### Your goal
Among the lines of the records, please find those that contain the word "Bottle" and copy them.

Dataset excerpts:
BEGIN
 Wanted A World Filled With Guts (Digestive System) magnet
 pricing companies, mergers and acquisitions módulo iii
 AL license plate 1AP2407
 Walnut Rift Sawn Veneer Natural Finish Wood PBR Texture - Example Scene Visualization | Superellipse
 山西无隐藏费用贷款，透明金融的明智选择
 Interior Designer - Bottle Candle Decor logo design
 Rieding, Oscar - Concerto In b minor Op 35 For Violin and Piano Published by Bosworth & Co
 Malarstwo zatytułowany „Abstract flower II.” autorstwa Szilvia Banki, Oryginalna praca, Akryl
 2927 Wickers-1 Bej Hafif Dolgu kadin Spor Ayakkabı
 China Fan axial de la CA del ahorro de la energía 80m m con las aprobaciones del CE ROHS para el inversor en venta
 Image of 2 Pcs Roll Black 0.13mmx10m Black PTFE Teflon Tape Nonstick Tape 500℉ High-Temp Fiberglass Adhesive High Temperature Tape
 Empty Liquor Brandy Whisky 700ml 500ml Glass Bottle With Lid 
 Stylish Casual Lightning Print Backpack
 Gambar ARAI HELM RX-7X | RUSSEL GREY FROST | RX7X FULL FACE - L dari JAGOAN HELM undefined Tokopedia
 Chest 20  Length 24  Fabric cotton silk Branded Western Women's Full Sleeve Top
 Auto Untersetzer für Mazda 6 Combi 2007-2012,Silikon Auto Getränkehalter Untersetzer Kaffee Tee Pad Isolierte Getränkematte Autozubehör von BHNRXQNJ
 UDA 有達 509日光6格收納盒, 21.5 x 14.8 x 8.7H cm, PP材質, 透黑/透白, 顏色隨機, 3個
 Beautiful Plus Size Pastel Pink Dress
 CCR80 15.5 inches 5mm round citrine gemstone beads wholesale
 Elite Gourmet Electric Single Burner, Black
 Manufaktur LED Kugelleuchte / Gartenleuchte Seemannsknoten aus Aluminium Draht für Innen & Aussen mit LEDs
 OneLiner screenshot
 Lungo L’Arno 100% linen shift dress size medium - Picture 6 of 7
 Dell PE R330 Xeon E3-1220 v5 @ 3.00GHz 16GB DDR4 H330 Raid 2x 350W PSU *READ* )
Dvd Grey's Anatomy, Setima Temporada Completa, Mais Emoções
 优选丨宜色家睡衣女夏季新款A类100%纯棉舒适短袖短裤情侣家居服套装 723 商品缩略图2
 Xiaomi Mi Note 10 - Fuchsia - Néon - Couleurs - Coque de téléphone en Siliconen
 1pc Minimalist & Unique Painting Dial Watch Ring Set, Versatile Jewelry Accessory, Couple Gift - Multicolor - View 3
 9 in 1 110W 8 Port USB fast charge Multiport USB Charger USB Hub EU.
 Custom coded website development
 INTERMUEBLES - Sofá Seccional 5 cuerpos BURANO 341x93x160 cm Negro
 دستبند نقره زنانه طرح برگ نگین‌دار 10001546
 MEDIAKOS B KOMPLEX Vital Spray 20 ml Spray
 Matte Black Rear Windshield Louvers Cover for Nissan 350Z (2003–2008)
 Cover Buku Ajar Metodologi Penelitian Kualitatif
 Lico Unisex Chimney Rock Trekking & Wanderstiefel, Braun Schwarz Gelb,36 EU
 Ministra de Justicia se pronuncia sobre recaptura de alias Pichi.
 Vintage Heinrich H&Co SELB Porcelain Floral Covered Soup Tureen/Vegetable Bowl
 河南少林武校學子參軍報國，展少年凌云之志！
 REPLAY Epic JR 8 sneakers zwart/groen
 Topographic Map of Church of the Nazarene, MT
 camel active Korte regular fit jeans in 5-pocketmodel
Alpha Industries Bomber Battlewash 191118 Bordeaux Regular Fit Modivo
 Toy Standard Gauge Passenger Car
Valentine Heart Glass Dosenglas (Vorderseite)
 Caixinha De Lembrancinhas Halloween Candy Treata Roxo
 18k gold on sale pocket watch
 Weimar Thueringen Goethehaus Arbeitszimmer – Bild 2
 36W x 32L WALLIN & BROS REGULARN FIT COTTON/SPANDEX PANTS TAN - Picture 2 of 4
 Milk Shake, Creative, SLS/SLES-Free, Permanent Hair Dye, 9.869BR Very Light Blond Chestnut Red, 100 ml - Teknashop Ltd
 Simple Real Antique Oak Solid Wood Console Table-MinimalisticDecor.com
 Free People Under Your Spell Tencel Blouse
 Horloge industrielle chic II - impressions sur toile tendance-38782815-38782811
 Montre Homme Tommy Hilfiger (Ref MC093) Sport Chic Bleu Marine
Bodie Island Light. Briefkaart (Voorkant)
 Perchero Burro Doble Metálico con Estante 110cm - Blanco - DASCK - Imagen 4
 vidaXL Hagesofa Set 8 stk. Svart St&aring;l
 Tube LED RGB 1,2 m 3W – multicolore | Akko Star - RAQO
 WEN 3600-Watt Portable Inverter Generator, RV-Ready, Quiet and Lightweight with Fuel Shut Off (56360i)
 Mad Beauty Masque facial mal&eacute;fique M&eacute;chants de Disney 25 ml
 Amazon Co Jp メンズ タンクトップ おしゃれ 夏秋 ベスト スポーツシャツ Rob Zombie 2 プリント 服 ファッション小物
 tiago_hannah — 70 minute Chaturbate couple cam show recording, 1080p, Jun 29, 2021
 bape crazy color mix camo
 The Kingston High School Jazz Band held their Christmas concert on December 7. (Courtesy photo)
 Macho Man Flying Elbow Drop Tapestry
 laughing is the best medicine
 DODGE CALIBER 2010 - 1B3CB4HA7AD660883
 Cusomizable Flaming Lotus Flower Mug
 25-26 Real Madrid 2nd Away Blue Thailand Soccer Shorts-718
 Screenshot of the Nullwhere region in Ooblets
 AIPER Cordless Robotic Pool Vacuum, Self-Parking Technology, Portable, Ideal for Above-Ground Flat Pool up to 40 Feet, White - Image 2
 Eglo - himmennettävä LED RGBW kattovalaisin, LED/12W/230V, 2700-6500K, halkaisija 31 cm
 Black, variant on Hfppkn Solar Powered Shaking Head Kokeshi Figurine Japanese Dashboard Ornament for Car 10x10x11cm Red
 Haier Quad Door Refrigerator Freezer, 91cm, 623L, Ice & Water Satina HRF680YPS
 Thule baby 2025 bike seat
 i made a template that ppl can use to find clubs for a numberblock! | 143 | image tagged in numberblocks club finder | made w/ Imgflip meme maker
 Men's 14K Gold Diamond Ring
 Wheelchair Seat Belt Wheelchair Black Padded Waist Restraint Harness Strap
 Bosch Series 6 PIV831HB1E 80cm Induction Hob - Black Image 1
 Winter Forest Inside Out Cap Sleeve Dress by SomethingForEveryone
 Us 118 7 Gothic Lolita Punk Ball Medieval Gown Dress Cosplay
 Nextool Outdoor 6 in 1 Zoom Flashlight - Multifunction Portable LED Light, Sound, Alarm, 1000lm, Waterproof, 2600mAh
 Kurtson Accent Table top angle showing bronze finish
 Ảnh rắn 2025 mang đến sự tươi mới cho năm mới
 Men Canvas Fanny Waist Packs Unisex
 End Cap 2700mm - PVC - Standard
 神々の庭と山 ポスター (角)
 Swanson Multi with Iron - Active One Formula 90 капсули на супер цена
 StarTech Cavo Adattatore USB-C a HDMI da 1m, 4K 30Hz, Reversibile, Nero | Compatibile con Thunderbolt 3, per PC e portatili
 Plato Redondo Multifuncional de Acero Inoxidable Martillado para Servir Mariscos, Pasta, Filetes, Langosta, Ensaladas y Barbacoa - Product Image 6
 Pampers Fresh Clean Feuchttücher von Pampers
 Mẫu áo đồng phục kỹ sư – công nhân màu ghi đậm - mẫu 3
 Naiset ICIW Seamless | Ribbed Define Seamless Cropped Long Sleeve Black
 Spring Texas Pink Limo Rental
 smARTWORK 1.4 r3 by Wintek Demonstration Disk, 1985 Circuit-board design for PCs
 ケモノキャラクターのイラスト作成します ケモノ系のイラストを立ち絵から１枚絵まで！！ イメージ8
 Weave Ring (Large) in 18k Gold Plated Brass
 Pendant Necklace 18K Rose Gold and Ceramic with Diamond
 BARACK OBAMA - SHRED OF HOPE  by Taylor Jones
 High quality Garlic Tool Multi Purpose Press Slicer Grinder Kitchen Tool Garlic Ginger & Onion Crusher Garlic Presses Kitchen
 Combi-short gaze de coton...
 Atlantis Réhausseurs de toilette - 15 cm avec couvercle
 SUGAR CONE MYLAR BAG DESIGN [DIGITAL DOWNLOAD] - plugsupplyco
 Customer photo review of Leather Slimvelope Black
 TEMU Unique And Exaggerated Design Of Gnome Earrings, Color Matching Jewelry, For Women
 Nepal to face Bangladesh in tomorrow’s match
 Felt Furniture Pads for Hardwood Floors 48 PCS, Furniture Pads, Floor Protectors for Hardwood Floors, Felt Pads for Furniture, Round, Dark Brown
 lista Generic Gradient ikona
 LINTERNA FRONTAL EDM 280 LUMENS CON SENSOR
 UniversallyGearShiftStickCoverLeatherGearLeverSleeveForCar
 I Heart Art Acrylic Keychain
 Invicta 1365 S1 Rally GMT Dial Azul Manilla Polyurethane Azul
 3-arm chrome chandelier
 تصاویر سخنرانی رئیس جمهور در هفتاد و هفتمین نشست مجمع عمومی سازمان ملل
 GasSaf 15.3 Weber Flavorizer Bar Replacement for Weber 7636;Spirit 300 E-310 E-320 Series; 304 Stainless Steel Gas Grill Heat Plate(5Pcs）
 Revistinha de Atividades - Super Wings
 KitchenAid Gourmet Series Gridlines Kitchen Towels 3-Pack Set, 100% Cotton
END
### Written response
 Interior Designer - Bottle Candle Decor logo design
 Empty Liquor Brandy Whisky 700ml 500ml Glass Bottle With Lid 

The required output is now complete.